Have white supremacists infiltrated U.S. police departments?
With racial tension at an all-time high in the U.S., the public is beginning to demand accountability. Americans are being sucked into a news cycle of unarmed African Americans being shot by police. Protests ensue after each killing, which leads to violence in the streets and polarized reporting leading to a divided nation. Rinse & repeat every week.
Names like Michael Brown, Sandra Bland, and recently George Floyd & Breonna Taylor occupied headlines through the last decade. Protests against these killings are becoming increasingly violent, including responses from law enforcement that involve tear gas and rubber bullets.
Now, questions about white supremacists infiltrating the police are arising. Twenty-seven lawmakers are coming together to demand that the FBI releases a report on white supremacists possibly infiltrating police departments. The document came out in 2006 and has yet to be released to the wider public.
What’s in the report?
The FBI investigation led agents to believe white supremacists infiltrate police departments, which could explain the rise in attacks against unarmed black civilians in the United States. U.S. Congresswoman Norma Torres asserts she’s leading the push to declassify the document in an article on her website.
Per Torres, the report was released in 2006, but it was heavily redacted. Part of it reads: “White supremacist leaders and groups have historically shown interest in infiltrating law enforcement communities or recruiting law enforcement personnel. [Such infiltration] could lead to investigative breaches and can jeopardize the safety of law enforcement sources or personnel.”
Torres & her colleagues want the entire report released. In Torres’ letter, she and her fellow representatives outline the information they need. “The FBI raised an alarm about this fourteen years ago – the public has yet to hear exactly what they found, and what, if anything, was done about it.”
A white supremacist trend in organized crime
The FBI reported on white supremacists for decades. In their vault, they compiled newspaper articles of white supremacists forming splinter groups to overthrow the U.S. government. Funded by criminal enterprises, one group in Seattle, “The Order,” tried to amass guns to stage a coup in 1984.

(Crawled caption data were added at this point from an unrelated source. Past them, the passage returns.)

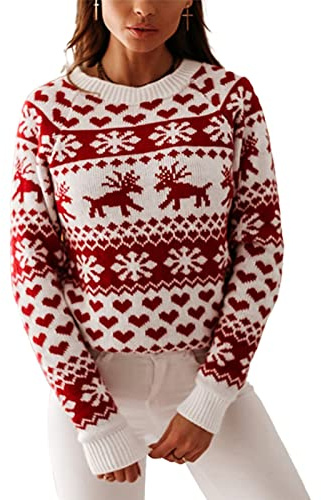 ZAFUL Women's Christmas Snowflake Reindeer Knitted Sweater Long Sleeve Crew Neck Heart Animal Print Pullover Knitwear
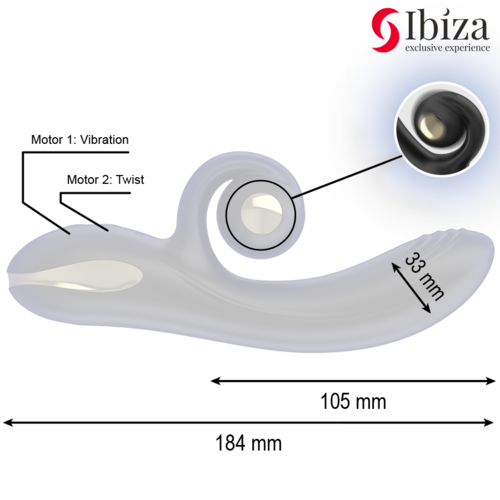 IBIZA - VIBRADOR TWISTER CON ESTIMULADOR CURVE Y VIBRO-ROTACIÓN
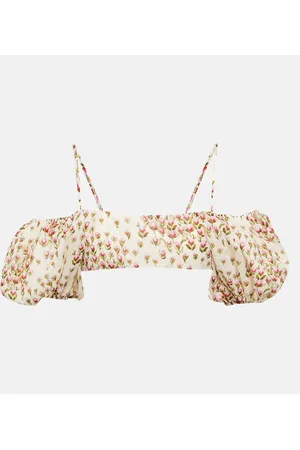 Giambattista Valli Floral off-shoulder cropped top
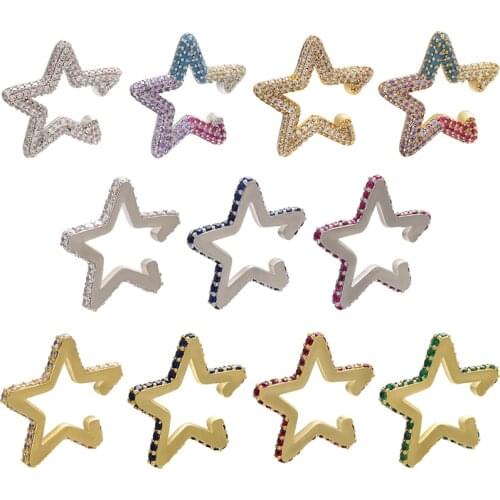 HECHENG 1pc CZ star earrings wholesale rainbow colorful ear clip for women and girls gift accessories jewelry VE162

While the newspaper articles the FBI archived detail white supremacists’ criminal activities, each article discusses white supremacists in illegal settings like organized crime. None of the archived FBI articles describe a coup from within or any plot to infiltrate law enforcement.

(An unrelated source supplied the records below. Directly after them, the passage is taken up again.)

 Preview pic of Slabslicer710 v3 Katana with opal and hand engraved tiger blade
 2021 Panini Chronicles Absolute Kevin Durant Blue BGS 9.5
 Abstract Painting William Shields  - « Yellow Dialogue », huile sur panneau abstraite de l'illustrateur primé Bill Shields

What the document says now
The document was released in October 2006, heavily redacted. What’s available concludes concerning points. The FBI has known for some time that white supremacist groups recruit from police departments. The point of white supremacists’ recruitment is to gather intelligence from law enforcement, possibly to sabotage investigations.
Given white supremacist groups’ history of criminal activity documented by the FBI, it’s alarming. Especially true, since the document also mentions “self-initiated infiltration by law enforcement personnel sympathetic to white supremacist causes.”
Meaning, police officers who sympathize with white supremacists may pass on information to them without joining their group, making them harder to catch.
In 2004, the FBI document revealed that the term “ghost skin” came to their attention. The term describes white supremacists who avoid displaying their ideology openly, like wearing swastikas, and instead support their beliefs covertly, quietly advancing white supremacist goals from where they work.
Given the attention to possible infiltration by white supremacists into police departments, the idea of “ghost skins” joining police forces seems to be the worry amid a disproportionate killing of unarmed black civilians by police reported over the last decade.
The FBI cooperates with local police
That said, the FBI document as it stands seems more concerned about white supremacists’ impact on elected officials & vulnerable people like witnesses in these cases rather than police officers shooting unarmed civilians because of racism.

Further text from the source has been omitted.